17556
A Metabolic Profile of Autism Spectrum Disorder from Autism Phenome Project Patient Plasma

Saturday, May 17, 2014
Atrium Ballroom (Marriott Marquis Atlanta)
R. Burrier1, D. G. Amaral2, P. West1, S. J. Rogers3, A. M. Smith4, D. D. Li2, M. Ross1, B. Fontaine1 and E. Donley1, (1)Stemina Biomarker Discovery, Madison, WI, (2)MIND Institute and Department of Psychiatry and Behavioral Sciences, University of California Davis Medical Center, Sacramento, CA, (3)Psychiatry and Behavioral Sciences, UC Davis MIND Institute, Sacramento, CA, (4)Computational Biology, Stemina Biomarker Discovery, Madison, WI
Background:

Diagnosis of autism spectrum disorder (ASD) at an early age is important for initiating effective intervention.  The current average age of diagnosis in the United States is 4.5 years. Patients can be reliably diagnosed through behavioral testing at 2 years of age only at health care facilities with sufficient autism expertise.  Increasing evidence indicates that ASD is a complex disorder that has many causes and a variety of genetic risks.  Identification of a metabolic signature of autism from blood samples will offer earlier screening and diagnosis to improve both therapy and outcome.

Objectives:

Stemina has recently completed a study of 4 to 6 year old patients in which a metabolic signature was observed in the patients’ blood. We are continuing to perform analysis on blood from patients enrolled in the Autism Phenome Project (APP) to evaluate the metabolic signature of 2 to 4 year old children with ASD as compared to typically developing (TD) children.
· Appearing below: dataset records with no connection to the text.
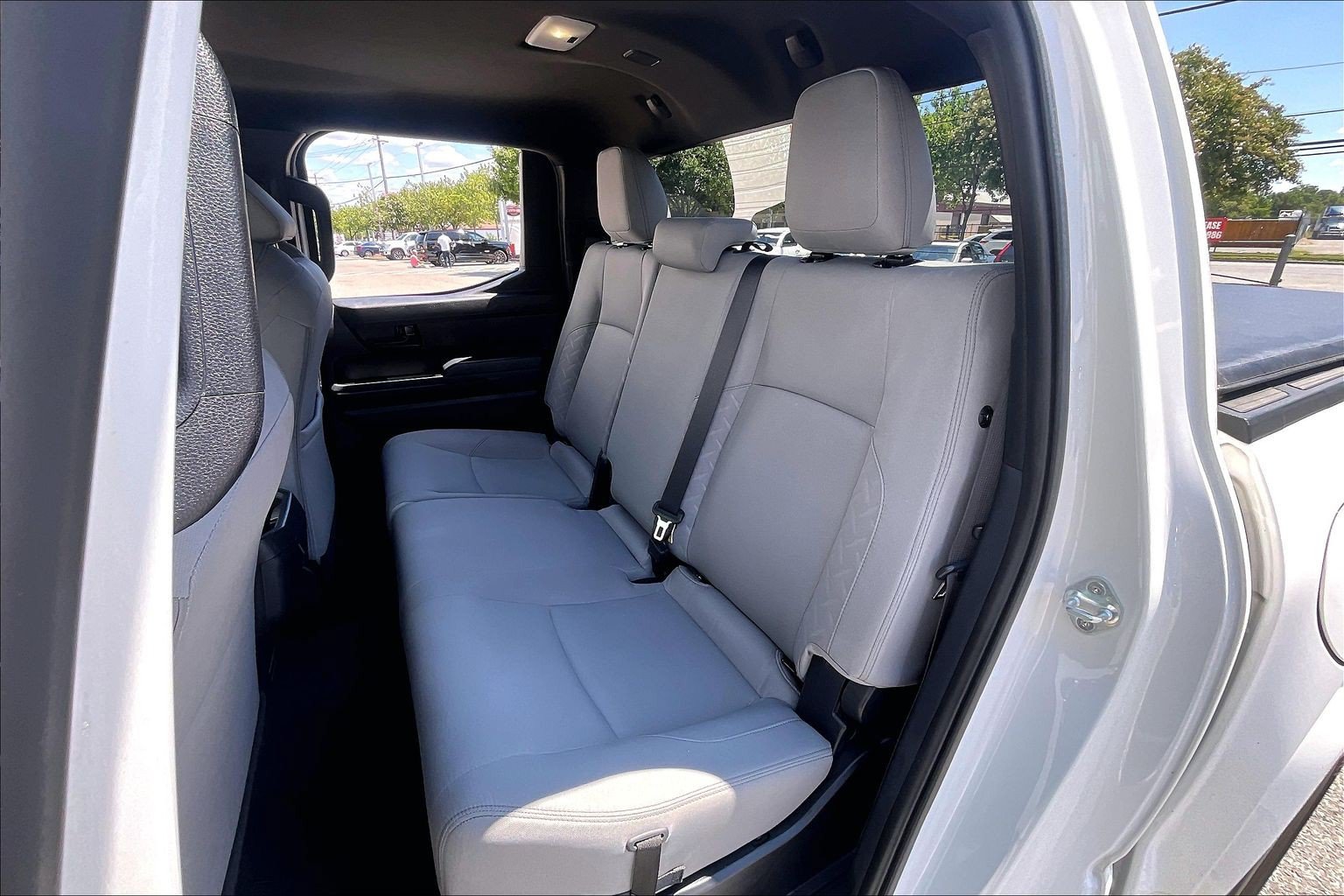 Used 2024 Toyota Tacoma SR5 AWD/4WD image 30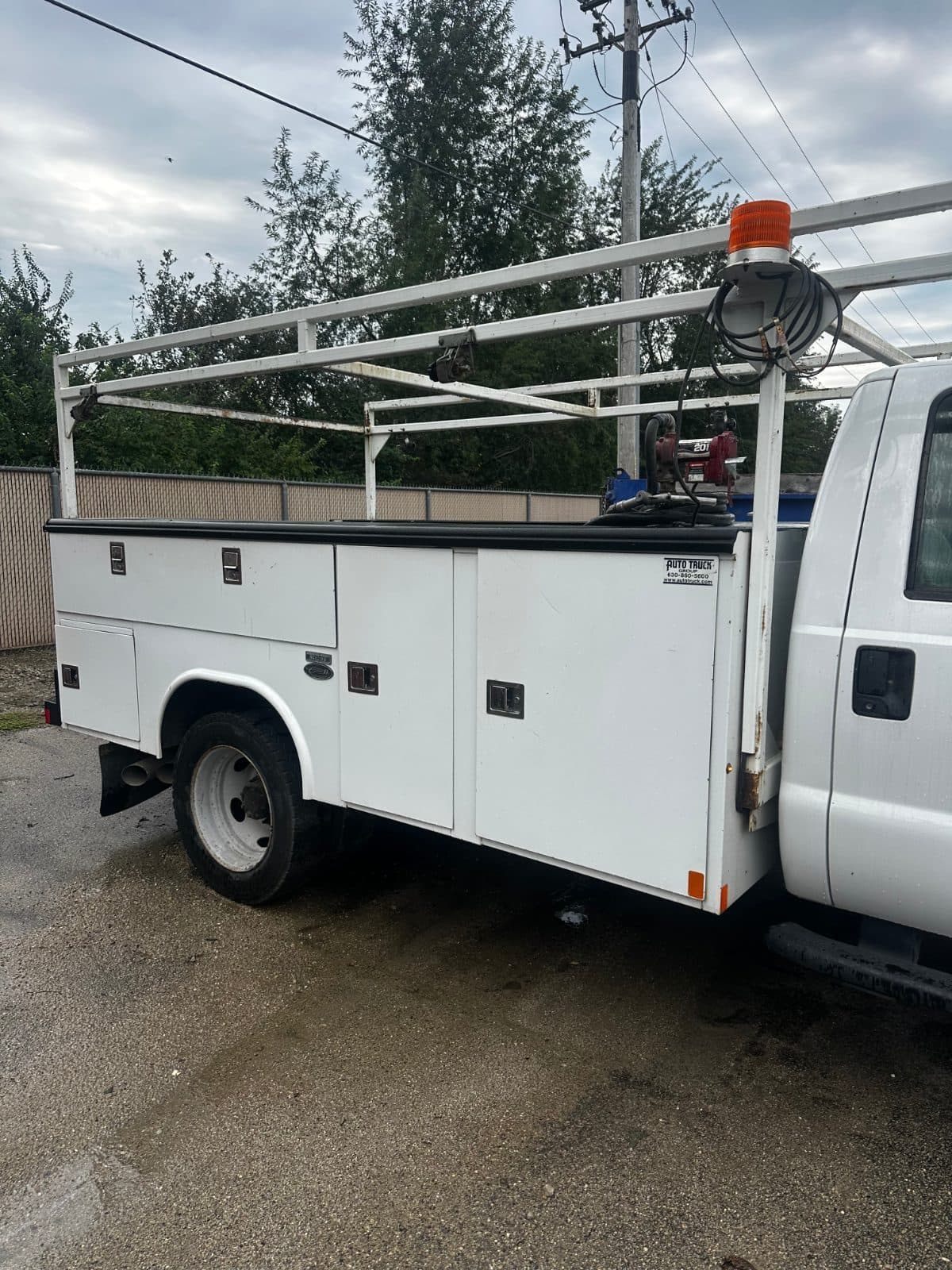 2016 Ford F450xl Super Duty Utility Truck 3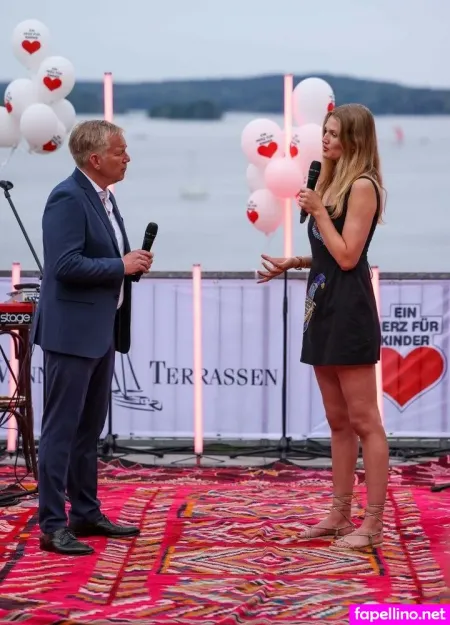 Toni Garrn Main Profile Photo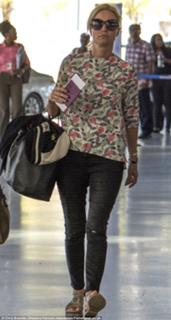 Denise Van Outen feet photo thumbnail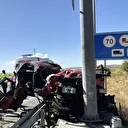 Hafif ticari araçla çarpışan otomobil yön levhası direğine çarptı: 10 yaralı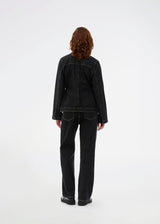 Edgy jeans in cotton denim with sewing details and classic pockets. Sandermd Jeans have belt loops, hidden zipper closure and a single button closure that creates a modern look.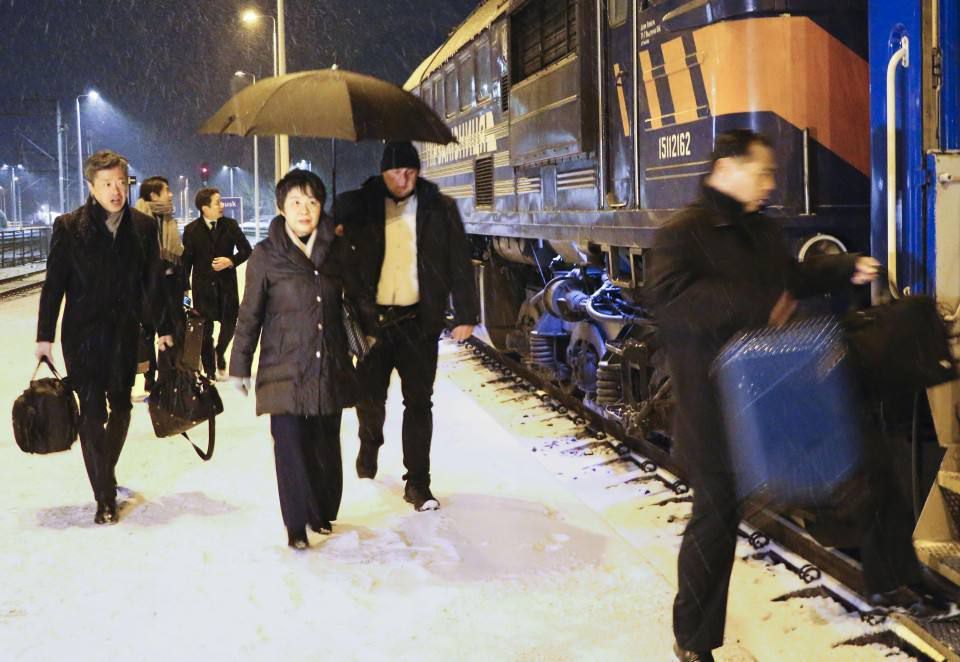 Глава МИД Японии прибыла в Киев с подарком: первые подробности визита 1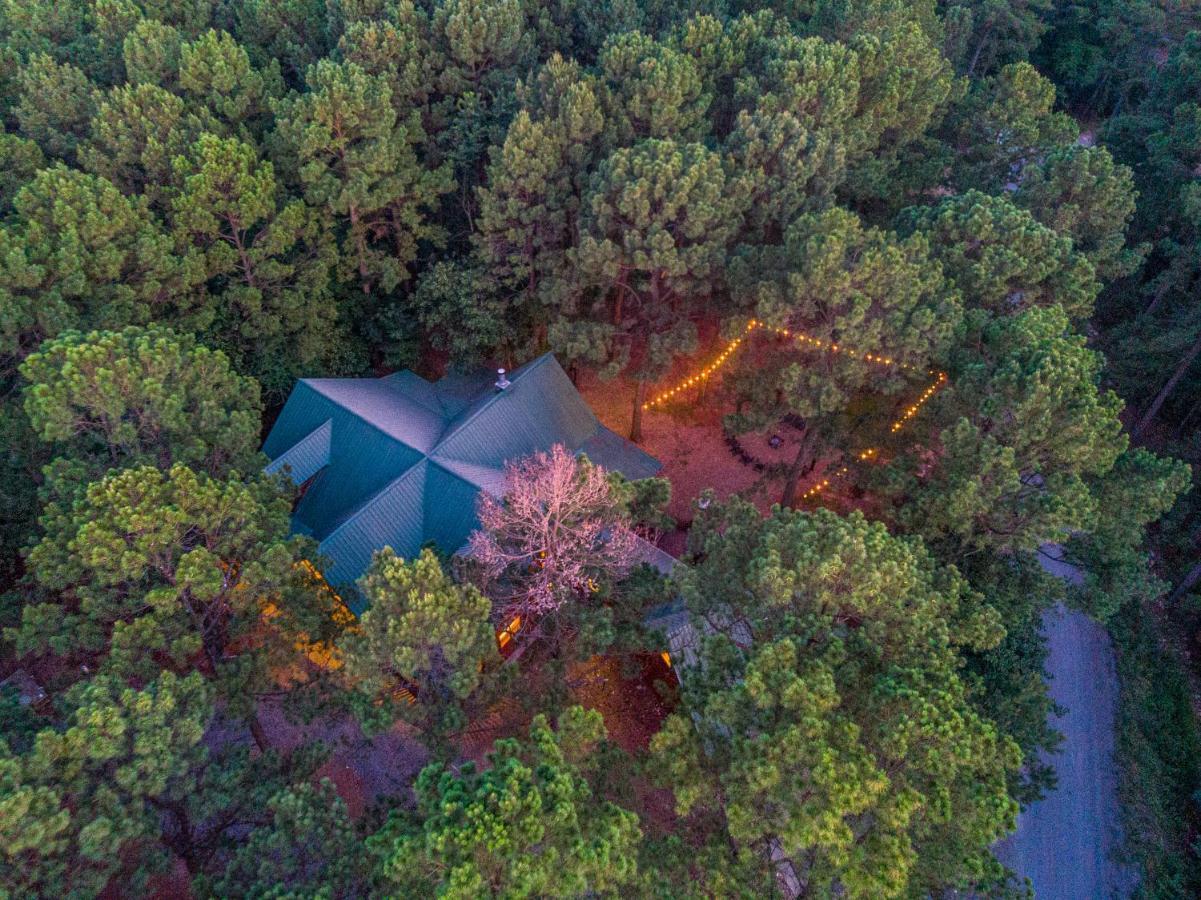 The Eastwood Spacious Retreat With 4 King En-Suites - Hot Tub - Pet-Friendly - Cozy Fire Pit - Prime Location - Multi-Family Broken Bow Esterno foto
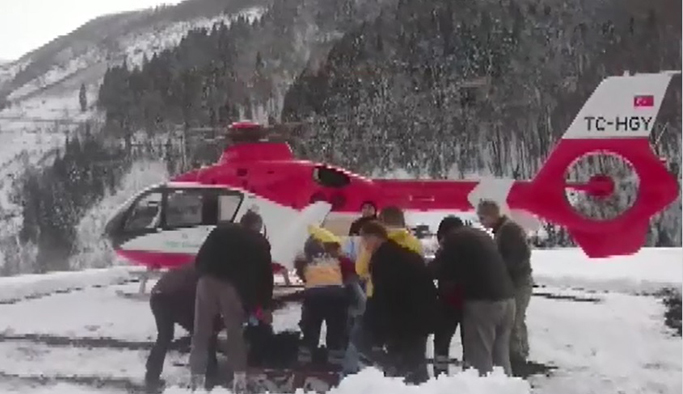 Ambulans helikopter Trabzon'dan Artvin'deki hasta için havalandı!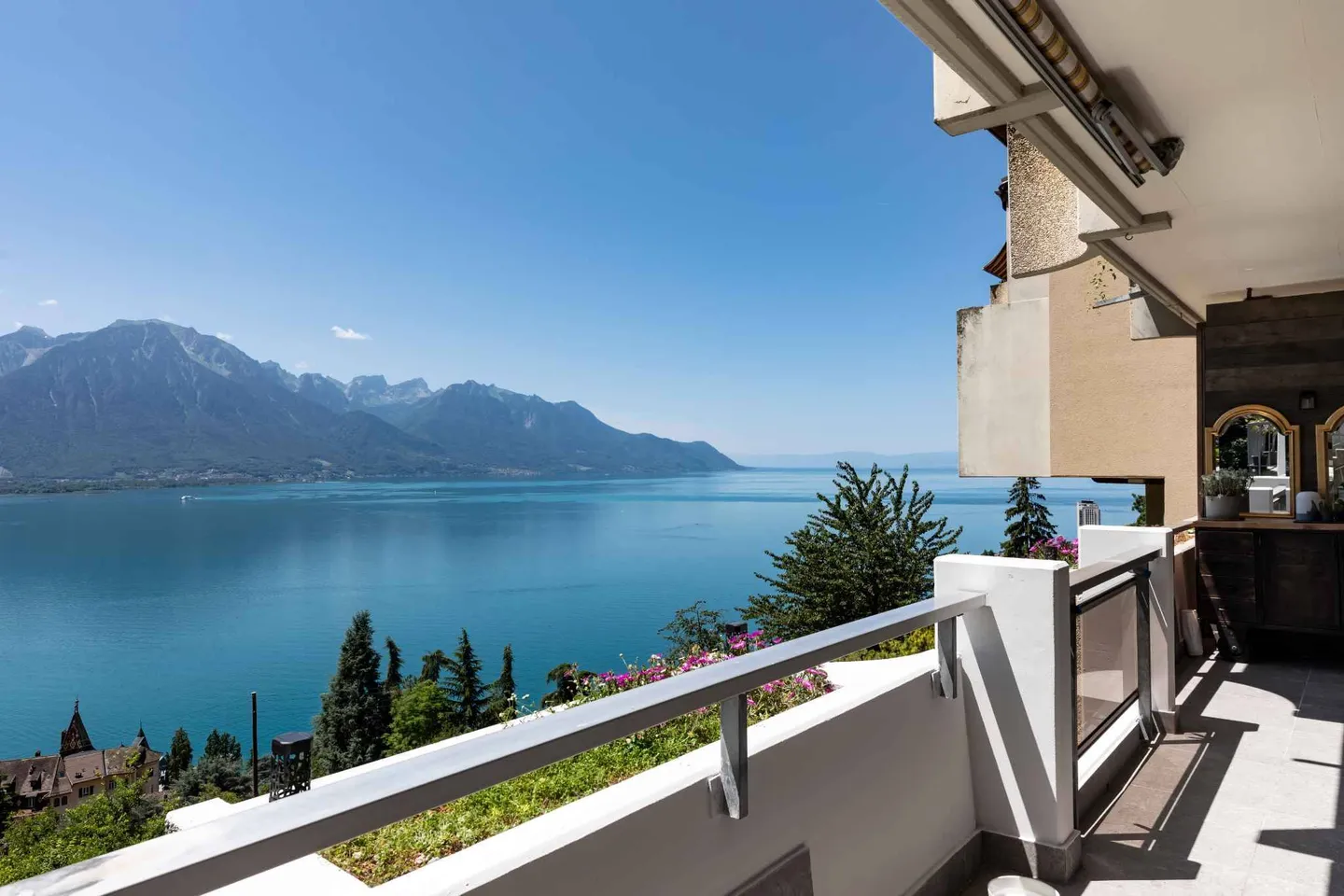 Magnifique loft à seulement 2 minutes de l'école hôtelière de Glion ! - Photo 5 sur 13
This research will develop and validate biomarkers associated with ASD discovered in the first study as well as identify new biomarkers in the younger patient cohort that may allow for earlier diagnosis.  Our goal is to determine the relevant biomarkers capable of being translated into a broadly available diagnostic test for ASD.

Methods:

Plasma was obtained from 180 children with ASD and from 93 age-matched TD children enrolled in the APP.  All subjects were between approximately 2 and 4 years old.  Samples were analyzed using 4 different LC/MS-based methods designed to orthogonally measure a broad range of metabolite molecular classes in plasma.  Univariate, multivariate and machine learning methods are being used to identify if a predictive metabolic signature exists that is capable of classifying patient plasma samples as being from ASD or TD children.  Results from this study will also be compared to the previous study with 4-6 year old children to assess the effect of age on metabolic biomarkers of ASD.

Results:

In the initial study, statistical models were created using 179 statistically significant mass features that classified the ASD and TD samples with an average accuracy of 81%.  Metabolites that were altered in children with ASD are derived from multiple biochemical pathways and included organic acids, amino acids, phospholipids and others. This presentation will provide a summary of metabolic signatures identified in the APP cohort; analyses are currently underway.

Conclusions:

The non-targeted, mass spectrometry-based metabolomic analysis of metabolites in plasma shows promise for discovery of metabolic signatures able to differentiate individuals with ASD from TD individuals.  These results form the basis for additional work with the goals of 1) developing a diagnostic test to detect ASD in children to improve patient outcomes, 2) gaining new knowledge of biochemical mechanisms involved in ASD 3) identifying biomolecular targets for new modes of therapy, and 4) identifying biomarkers that can be used for personalized treatment and classification of potential responders versus non-responders through metabolomic analysis of a patient’s biochemistry.